Families greeted the verdict in silence and dismay.
"Our lost ones have died a second time. I feel sick," said Claire Durousseau, who lost her niece in the 2009 crash.
The head of the main association of families said they were "mortified and overwhelmed" by the verdict, which had followed a "chaotic" legal path stretching more than a decade.
“The loser first and foremost is French justice,” Daniele Lamy, the president of the AF447 victims’ association, told journalists at the Paris courthouse.
After a two-year search for the Airbus A330's black boxes using remote submarines, investigators found pilots had made errors when reacting to a problem involving iced-up speed sensors, sending the plane into a freefall without responding to stall alerts.
But the trial also highlighted earlier discussions between Air France and Airbus about growing problems with external pitot tubes that generate the speed readings.
Both companies had pleaded not guilty.
No one risked prison as only the companies were on trial. Air France had also already compensated families of those killed. However, a conviction would have dealt a significant blow to the aviation groups' reputations.
At the heart of hearings in Paris was the role of defective pitot tubes, which are used to measure the flight speed of aircraft.
The court heard how a malfunction with the tubes, which became blocked with ice crystals during a mid-Atlantic storm, caused alarms to sound in the cockpit of the Airbus and the autopilot system to switch off.
‘Why the crew reacted the way they did is a mystery’
Technical experts highlighted how, after the instrument failure, the pilots put the plane into a climb that caused the aircraft to lose upward lift from the air moving under its wings, thus losing altitude.
“For us, what led the crew to react in the way they did remains a mystery in most respects,” Air France representative Pascal Weil, a former test pilot, told the court on November 10.

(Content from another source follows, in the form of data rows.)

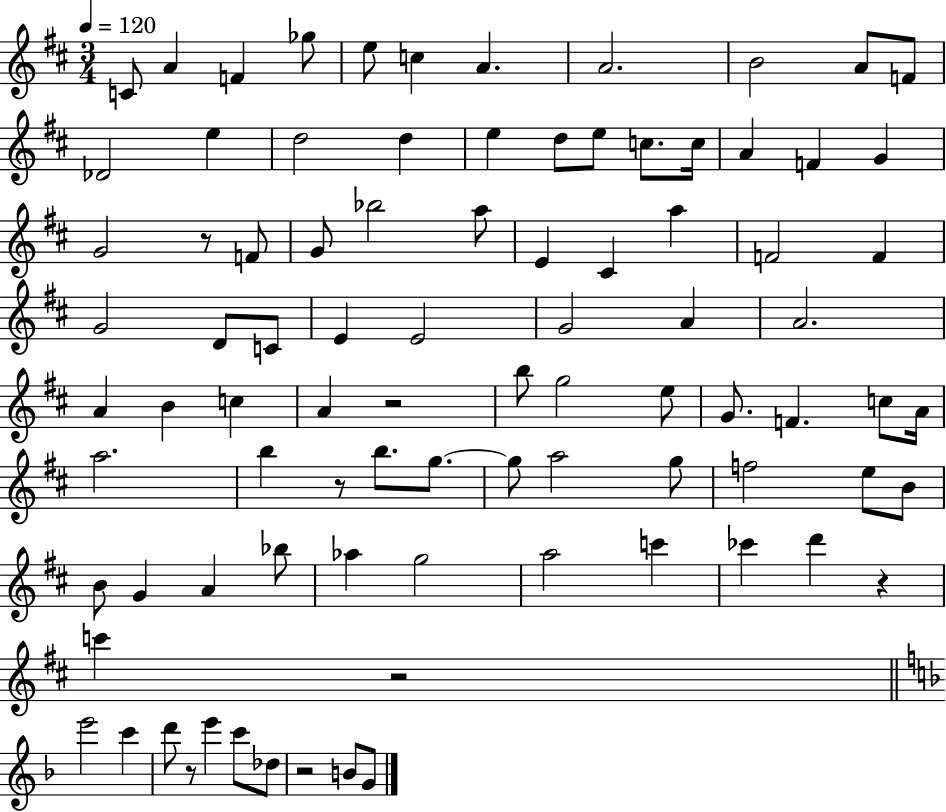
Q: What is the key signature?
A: D major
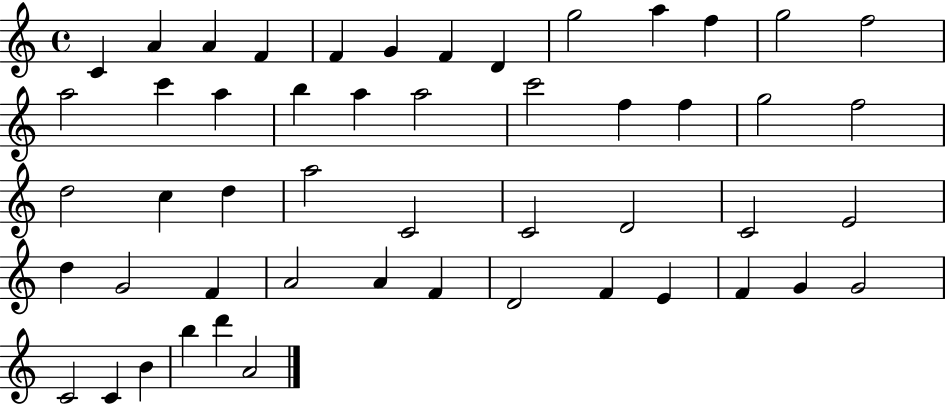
C4/q A4/q A4/q F4/q F4/q G4/q F4/q D4/q G5/h A5/q F5/q G5/h F5/h A5/h C6/q A5/q B5/q A5/q A5/h C6/h F5/q F5/q G5/h F5/h D5/h C5/q D5/q A5/h C4/h C4/h D4/h C4/h E4/h D5/q G4/h F4/q A4/h A4/q F4/q D4/h F4/q E4/q F4/q G4/q G4/h C4/h C4/q B4/q B5/q D6/q A4/h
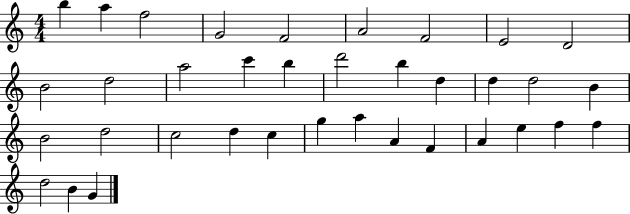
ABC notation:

X:1
T:Untitled
M:4/4
L:1/4
K:C
b a f2 G2 F2 A2 F2 E2 D2 B2 d2 a2 c' b d'2 b d d d2 B B2 d2 c2 d c g a A F A e f f d2 B G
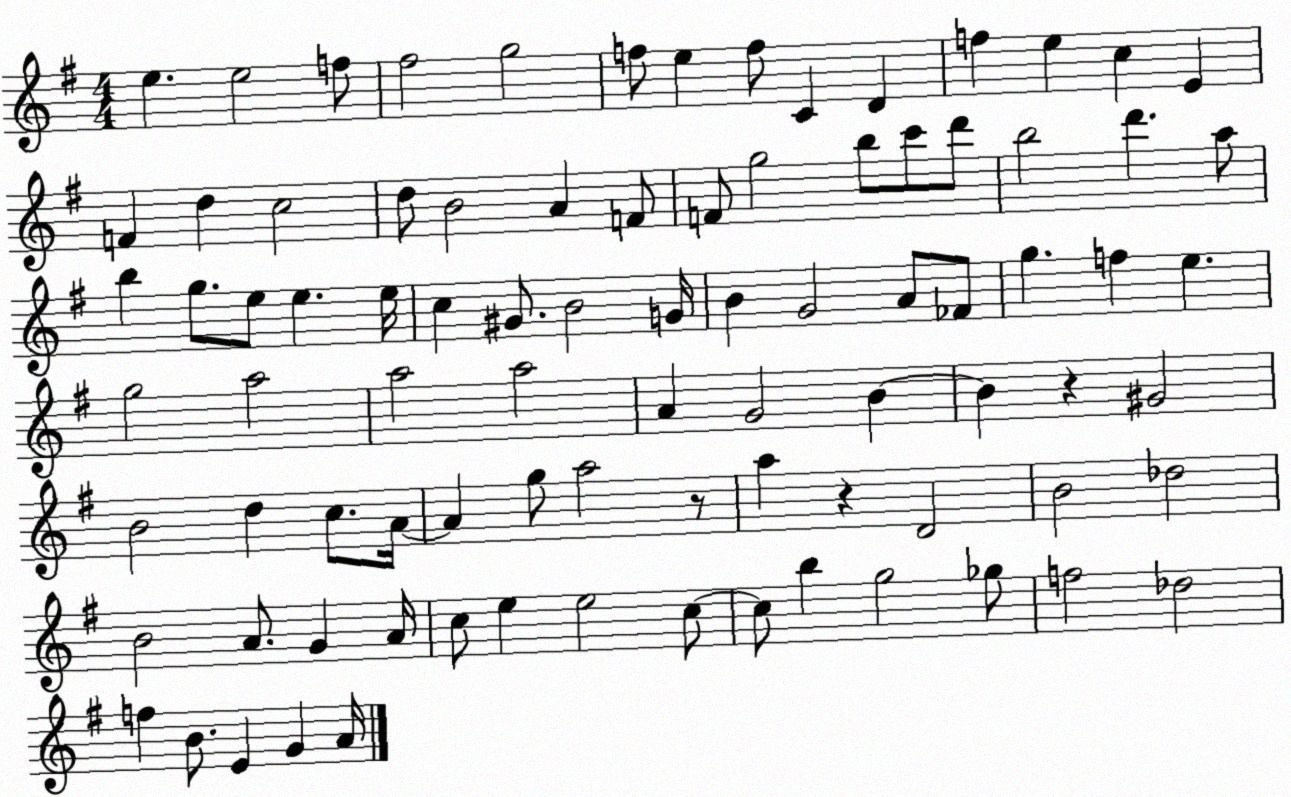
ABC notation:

X:1
T:Untitled
M:4/4
L:1/4
K:G
e e2 f/2 ^f2 g2 f/2 e f/2 C D f e c E F d c2 d/2 B2 A F/2 F/2 g2 b/2 c'/2 d'/2 b2 d' a/2 b g/2 e/2 e e/4 c ^G/2 B2 G/4 B G2 A/2 _F/2 g f e g2 a2 a2 a2 A G2 B B z ^G2 B2 d c/2 A/4 A g/2 a2 z/2 a z D2 B2 _d2 B2 A/2 G A/4 c/2 e e2 c/2 c/2 b g2 _g/2 f2 _d2 f B/2 E G A/4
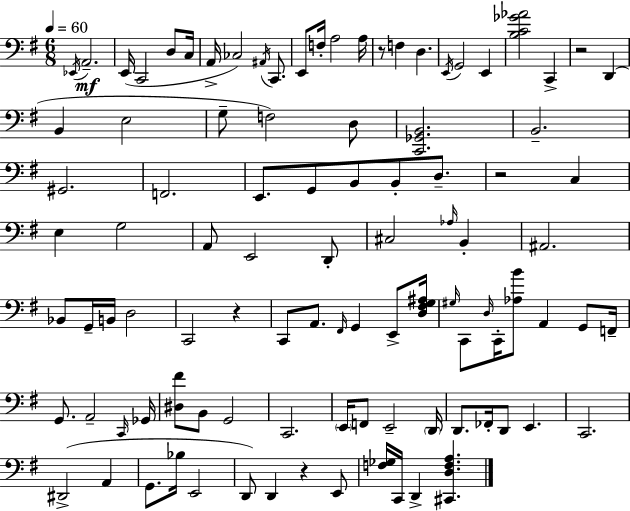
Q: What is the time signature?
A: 6/8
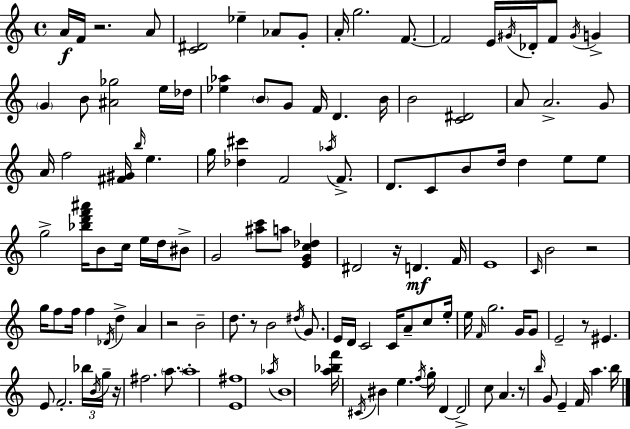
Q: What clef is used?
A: treble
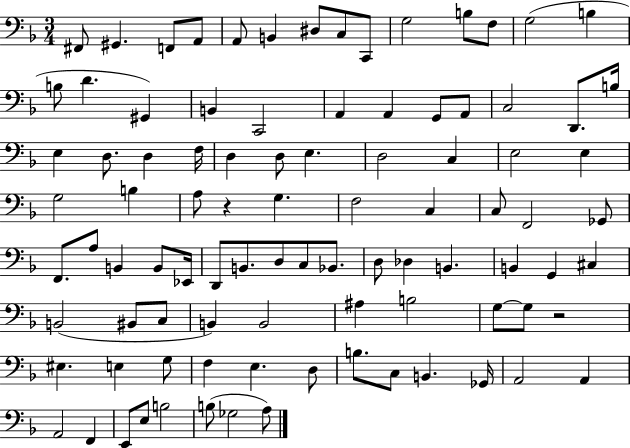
{
  \clef bass
  \numericTimeSignature
  \time 3/4
  \key f \major
  \repeat volta 2 { fis,8 gis,4. f,8 a,8 | a,8 b,4 dis8 c8 c,8 | g2 b8 f8 | g2( b4 | \break b8 d'4. gis,4) | b,4 c,2 | a,4 a,4 g,8 a,8 | c2 d,8. b16 | \break e4 d8. d4 f16 | d4 d8 e4. | d2 c4 | e2 e4 | \break g2 b4 | a8 r4 g4. | f2 c4 | c8 f,2 ges,8 | \break f,8. a8 b,4 b,8 ees,16 | d,8 b,8. d8 c8 bes,8. | d8 des4 b,4. | b,4 g,4 cis4 | \break b,2( bis,8 c8 | b,4) b,2 | ais4 b2 | g8~~ g8 r2 | \break eis4. e4 g8 | f4 e4. d8 | b8. c8 b,4. ges,16 | a,2 a,4 | \break a,2 f,4 | e,8 e8 b2 | b8( ges2 a8) | } \bar "|."
}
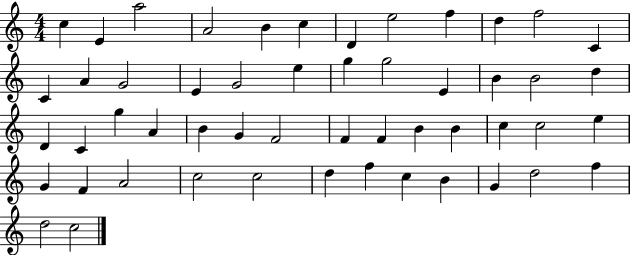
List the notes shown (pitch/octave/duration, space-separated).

C5/q E4/q A5/h A4/h B4/q C5/q D4/q E5/h F5/q D5/q F5/h C4/q C4/q A4/q G4/h E4/q G4/h E5/q G5/q G5/h E4/q B4/q B4/h D5/q D4/q C4/q G5/q A4/q B4/q G4/q F4/h F4/q F4/q B4/q B4/q C5/q C5/h E5/q G4/q F4/q A4/h C5/h C5/h D5/q F5/q C5/q B4/q G4/q D5/h F5/q D5/h C5/h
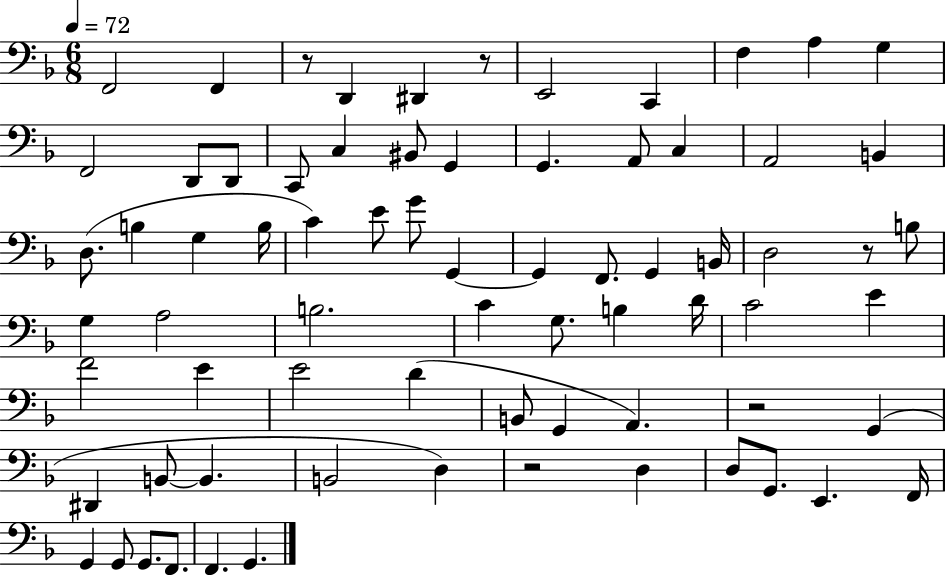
X:1
T:Untitled
M:6/8
L:1/4
K:F
F,,2 F,, z/2 D,, ^D,, z/2 E,,2 C,, F, A, G, F,,2 D,,/2 D,,/2 C,,/2 C, ^B,,/2 G,, G,, A,,/2 C, A,,2 B,, D,/2 B, G, B,/4 C E/2 G/2 G,, G,, F,,/2 G,, B,,/4 D,2 z/2 B,/2 G, A,2 B,2 C G,/2 B, D/4 C2 E F2 E E2 D B,,/2 G,, A,, z2 G,, ^D,, B,,/2 B,, B,,2 D, z2 D, D,/2 G,,/2 E,, F,,/4 G,, G,,/2 G,,/2 F,,/2 F,, G,,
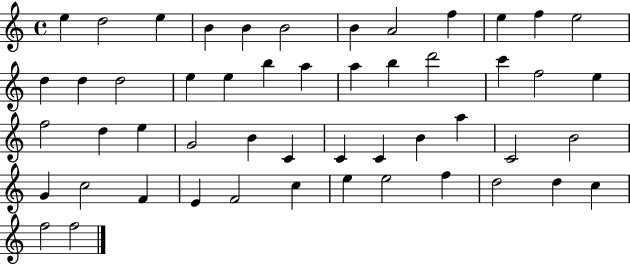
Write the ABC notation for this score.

X:1
T:Untitled
M:4/4
L:1/4
K:C
e d2 e B B B2 B A2 f e f e2 d d d2 e e b a a b d'2 c' f2 e f2 d e G2 B C C C B a C2 B2 G c2 F E F2 c e e2 f d2 d c f2 f2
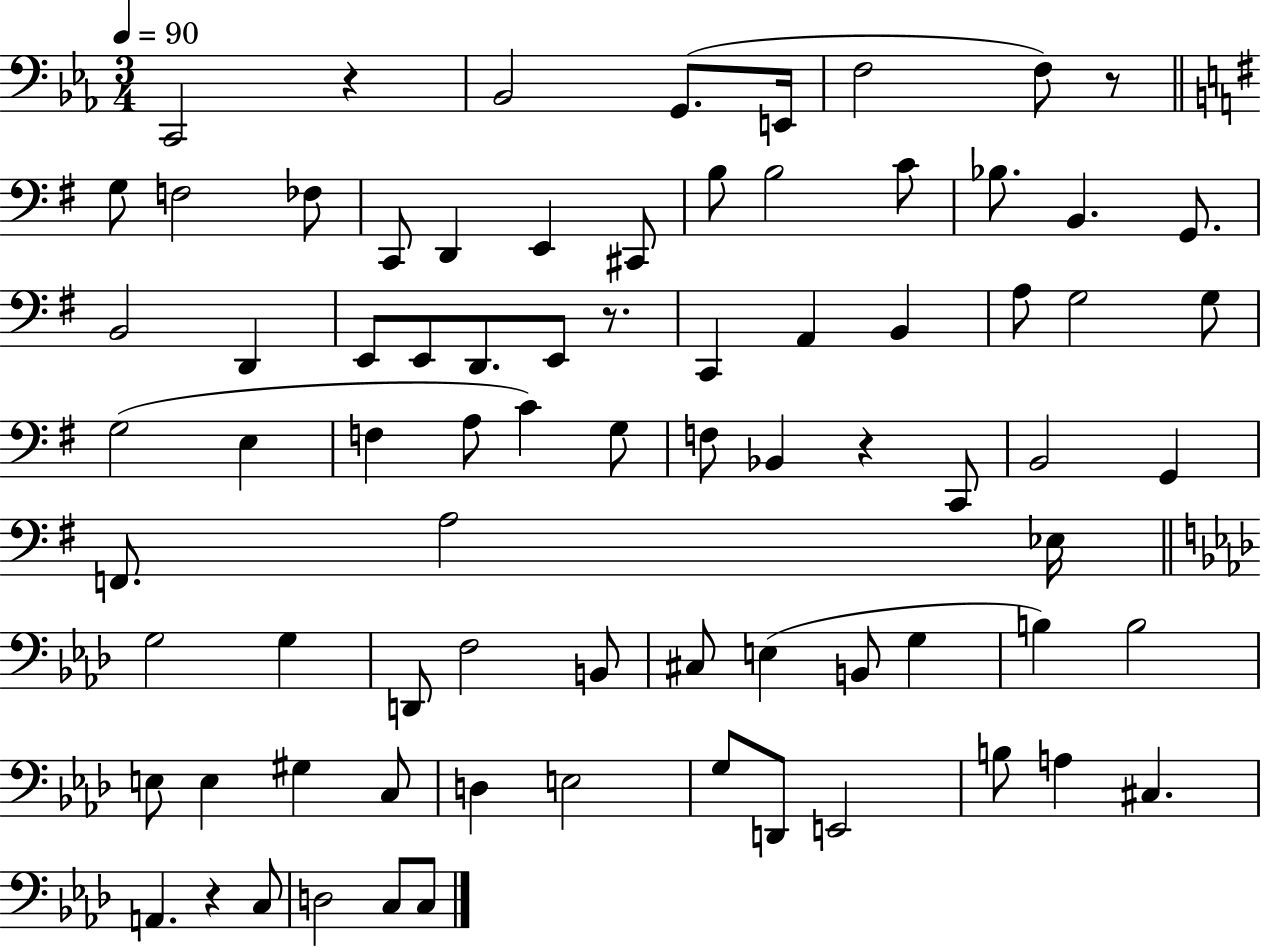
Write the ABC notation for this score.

X:1
T:Untitled
M:3/4
L:1/4
K:Eb
C,,2 z _B,,2 G,,/2 E,,/4 F,2 F,/2 z/2 G,/2 F,2 _F,/2 C,,/2 D,, E,, ^C,,/2 B,/2 B,2 C/2 _B,/2 B,, G,,/2 B,,2 D,, E,,/2 E,,/2 D,,/2 E,,/2 z/2 C,, A,, B,, A,/2 G,2 G,/2 G,2 E, F, A,/2 C G,/2 F,/2 _B,, z C,,/2 B,,2 G,, F,,/2 A,2 _E,/4 G,2 G, D,,/2 F,2 B,,/2 ^C,/2 E, B,,/2 G, B, B,2 E,/2 E, ^G, C,/2 D, E,2 G,/2 D,,/2 E,,2 B,/2 A, ^C, A,, z C,/2 D,2 C,/2 C,/2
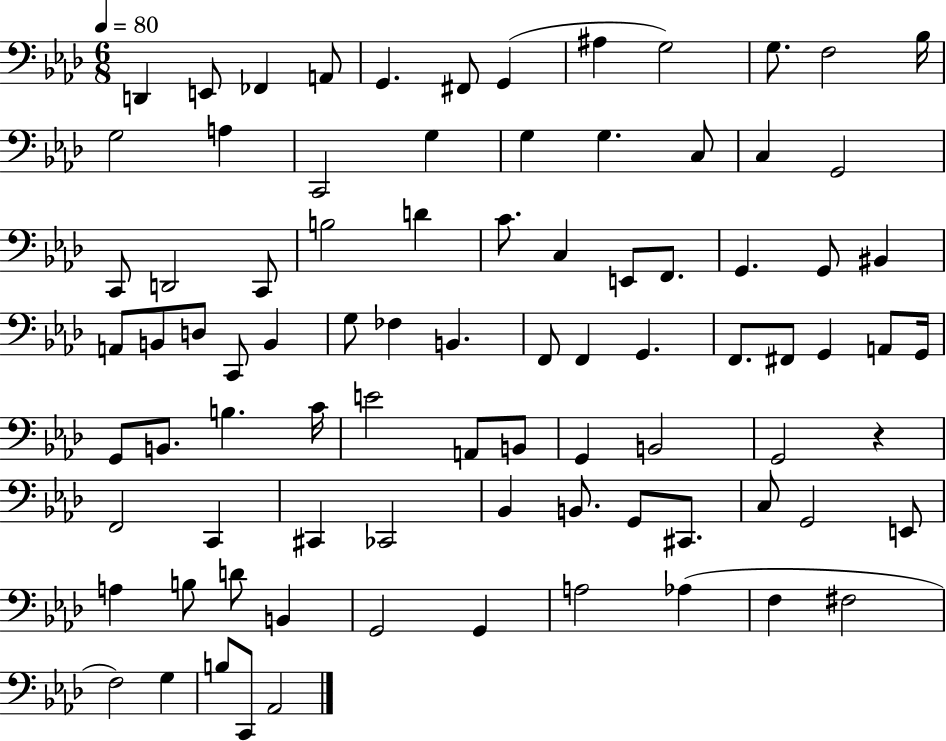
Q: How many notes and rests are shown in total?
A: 86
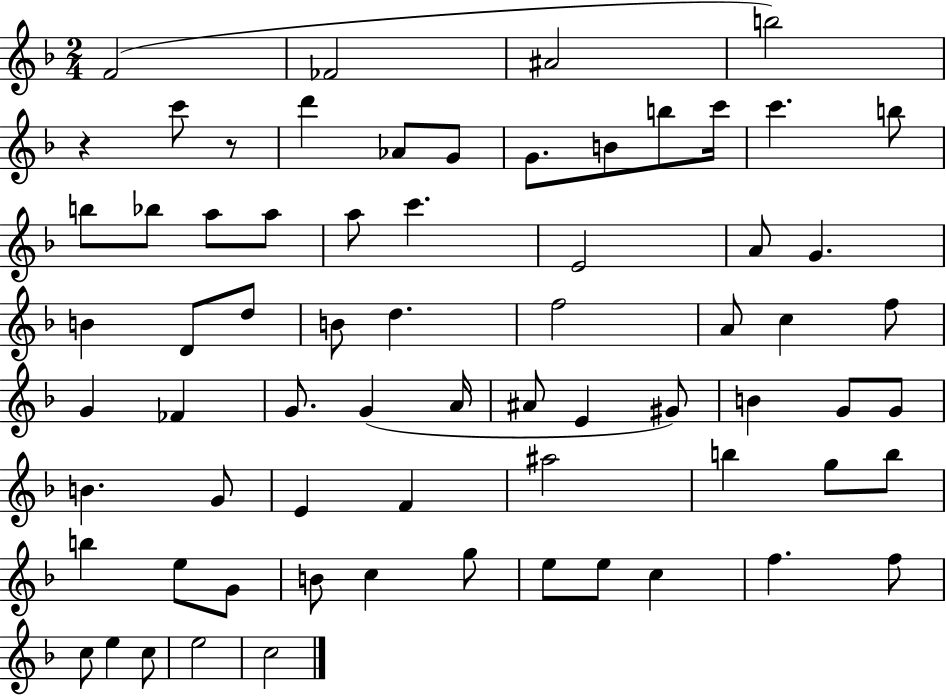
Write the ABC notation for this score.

X:1
T:Untitled
M:2/4
L:1/4
K:F
F2 _F2 ^A2 b2 z c'/2 z/2 d' _A/2 G/2 G/2 B/2 b/2 c'/4 c' b/2 b/2 _b/2 a/2 a/2 a/2 c' E2 A/2 G B D/2 d/2 B/2 d f2 A/2 c f/2 G _F G/2 G A/4 ^A/2 E ^G/2 B G/2 G/2 B G/2 E F ^a2 b g/2 b/2 b e/2 G/2 B/2 c g/2 e/2 e/2 c f f/2 c/2 e c/2 e2 c2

Airbus has also blamed pilot error as the main cause of the crash during proceedings.
But lawyers for the families sought to demonstrate that both companies were aware of the pitot tube problem before the crash, and that the pilots were not trained to deal with a high-altitude emergency of this nature.
The model of pitot tube used on the doomed Airbus plane, made by French company Thales, was replaced on aircraft worldwide after the accident.
The crash also prompted an overhaul of training protocols across the industry, in particular to prepare pilots to handle the intense stress of unforeseen circumstances.
On October 17, lawyers and victims’ families were allowed to listen to the chilling in-flight voice recording of the pilots’ final minutes for the first time.
"We've lost our speeds," one pilot is heard saying before a recorded warning sounds - "stall, stall, stall" - and the aircraft begins to plunge towards the Atlantic Ocean.
Acquittal is ‘technically and legally justified’
It took nearly two years to recover the black box flight recorders which were found nearly 4,000 metres below sea level.
Throughout the trial, representatives of Airbus and Air France maintained the companies were not guilty of criminal wrongdoing.
Their lawyers argued their acquittal would be a "difficult" but "technically and legally justified" decision.
Prosecutors initially dropped charges against the companies in 2019 in a decision that also infuriated victims' families.
A Paris appeals court overturned this decision in 2021 and ordered the trial to go ahead.
The court said Airbus committed "four acts of imprudence or negligence", including not replacing certain models of the pitot tubes that seemed to freeze more often on its A330-A340 fleet, and "withholding information" from flight operators.
It said Air France had committed two "acts of imprudence" in the way it disseminated an information note on the faulty tubes to its pilots.